Tendo como cenário uma casa moderna projetada por Oscar Niemeyer, o drama de Jabor é extremamente psicanalítico e dialógico. Trata-se de um cinema com tomadas literárias, no qual o verbo conjuga-se como imagem, ritmo, ação. Podemos dizer que a linguagem verbal é a terceira personagem do filme. O diretor começou a fazer cinema por motivação literária; e sua formação estética inclui leituras de poesia (João Cabral), teatro (Brecht, Artaud) e ensaios (Walter Benjamin).

O roteiro do longa é simples: um jovem casal encontra-se, após três meses de separação, para uma prestação de contas afetivamente desfalcada e existencialmente produtiva. As palavras – fugidias – são o único meio de “fechar as contas”. Mas elas - as palavras - não dizem nem podem tudo nesta narrativa de takes esquizos e planos abissais que tentam fazer uma espécie de radiografia da mente apaixonada. Haja risos, lágrimas, gritos, perguntas, cobranças... Haja útero e colhão! Neste encontro, os discursos amorosos dos três (inclua-se o espectador / leitor) incursionam por vários planos do real e da imaginação; mergulham nas memórias em ruínas; adentram o universo do delírio.

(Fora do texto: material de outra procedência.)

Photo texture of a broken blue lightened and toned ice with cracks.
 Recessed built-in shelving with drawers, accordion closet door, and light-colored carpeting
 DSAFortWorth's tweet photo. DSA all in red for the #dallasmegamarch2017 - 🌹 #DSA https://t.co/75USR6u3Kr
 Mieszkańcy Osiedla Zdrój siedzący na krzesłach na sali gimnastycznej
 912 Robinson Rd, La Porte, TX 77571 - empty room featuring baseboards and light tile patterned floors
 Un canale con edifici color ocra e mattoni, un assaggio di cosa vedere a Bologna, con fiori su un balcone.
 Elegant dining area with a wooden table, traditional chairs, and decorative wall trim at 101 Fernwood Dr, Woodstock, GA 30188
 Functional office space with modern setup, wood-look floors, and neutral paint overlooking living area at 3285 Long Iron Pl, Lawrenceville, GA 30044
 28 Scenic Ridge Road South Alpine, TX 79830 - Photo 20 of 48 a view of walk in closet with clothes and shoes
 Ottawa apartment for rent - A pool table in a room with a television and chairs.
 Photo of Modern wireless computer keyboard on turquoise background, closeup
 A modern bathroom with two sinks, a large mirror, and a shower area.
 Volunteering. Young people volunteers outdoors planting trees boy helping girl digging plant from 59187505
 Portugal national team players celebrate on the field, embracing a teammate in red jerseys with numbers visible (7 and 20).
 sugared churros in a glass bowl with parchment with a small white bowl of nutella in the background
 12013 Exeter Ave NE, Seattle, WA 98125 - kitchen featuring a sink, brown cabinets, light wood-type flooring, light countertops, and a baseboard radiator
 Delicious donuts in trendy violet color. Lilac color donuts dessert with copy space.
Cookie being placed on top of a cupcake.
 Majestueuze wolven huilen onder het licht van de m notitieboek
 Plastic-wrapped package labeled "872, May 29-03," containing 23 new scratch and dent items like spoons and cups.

Em Eu sei que vou te amar, o lirismo e a delicadeza são desamparados pela potência dos fatos. Os corpos e as almas misturam-se. Os gêneros e as consciências também misturam-se. A verdade vira uma "nojeira filosófica" inventada por monges punheteiros da idade Média. Saber o que é o ser da paixão vira fissura: há patologia na bondade? Obedecer faz pesar a consciência? Na desconstrução dos discursos e cenários afetivos, a beleza erige, mas faz desmilinguir. O corpo fala; às vezes urra.

Ele, que não suporta ser amado, mergulha num cartesianismo inconvincente, e manda esta: “... me separei de você porque te amava demais...” Ela, claro, foi à forra. Deu de mamar - o seu leite sagrado - para um executivo que encontra na rua, no dia da morte da sua avó. Ainda educada para ser uma esposa prendada, tinha “mania de ser feliz”. Foderam-se no final. Afinal, tal qual o sentimento amoroso em fragmentos, as palavras dilaceram. Edificam. Neste roteiro dramático, elas - as palavras - parecem concretizadas nos gestos daquele polvo contraído e pleno na praia final.

Segundo a poeta Ana Paula Oliveira, a imagem do polvo final sugere o sentimento amoroso, no que este possui de curvo, gosmento, indesgrudável, quando de posse do ser humano. Sugestão de quem lê Hilda Hilst e Ana C; pegada de quem mergulha fundo no universo dos afetos e nos meandros das paixões; mirada de quem adentra - bliss - o esplendor e os descompassos da linguagem. Porque, ao ser dita, a frase Eu sei que vou te amar inscreve, no ato de sua pronúncia, a ação futura que a assertiva anuncia: o amor no tempo presente.